Alice chooses $x$ and sends $[x]P$, Bob chooses $y$ and sends $[y]P$,
then both share the secret $[x][y]P$.

\paragraph{Key pair generation}
Choose $k$ u.a.r. from $\{ 0, 1, ..., q-1 \}$.
Then $k$ is the private key and $Q=[k]P$ the public key.

\paragraph{Elliptic Curve Integrated Encryption Scheme ECIES}
Similar to \hyperlink{dhies}{DHIES}.
See the slides for details.

\paragraph{Elliptic Curve Digial Signature Algorithm ECDSA}
Similar to \hyperlink{dsa}{DSA}.
See the slides for details.
Also suffers catastrophic failure under nonce reuse.
\\
Malleable: if $(r,s)$ is a valid signature on $m$ under $vk$ then so is $(r,-s)$.
Thus cannot be SUF-CMA secure, but is plausibly UF-CMA secure.

\paragraph{ECC Adoption}
Originally slow takeoff due to mathematical complexity, lack of mature standards, unclear patent situation, general FUD.
Introduced in the 1980s, only took of in the 2010s.

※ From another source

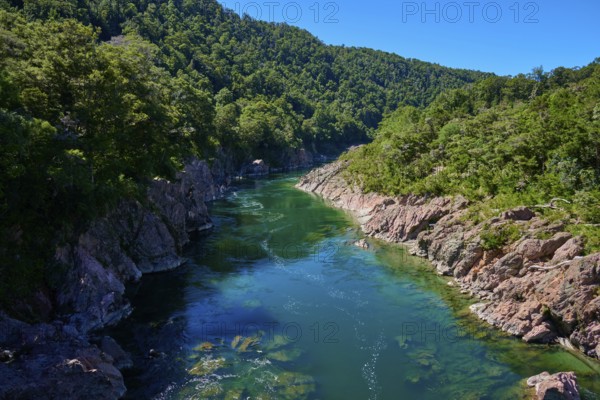 Clear river in rocky surroundings with dense forest along the gorge, Buller River, Murchison, Tasman, South Island, New Zealand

\subsection{Key Management}

\paragraph{Motivation}
Cryptography shifts the problem of security data to the problem of managing keys.

\paragraph{Aspects}
key generation, key storage, key distribution, key usage + scope,
key replacement/rollover, key backup + recovery, key revocation + destruction.

\paragraph{Key lifecycle}
Pre-operational $\rightarrow$ operational $\rightarrow$ post-operational%
\footnote{Don't use the key any more but keep it around to e.g. decrypt past communications again.}
$\rightarrow$ destroyed

\paragraph{Principle of Key Separation}
A cryptographic key should only be used for its intended purpose.

Any given key should not be used in more than one cryptographic algorithm.
Reasoning: the interaction between algorithms may lead to unexpected weaknesses.
E.g.: CBC mode encryption and CBC-MAC, or RSA encryption and signatures.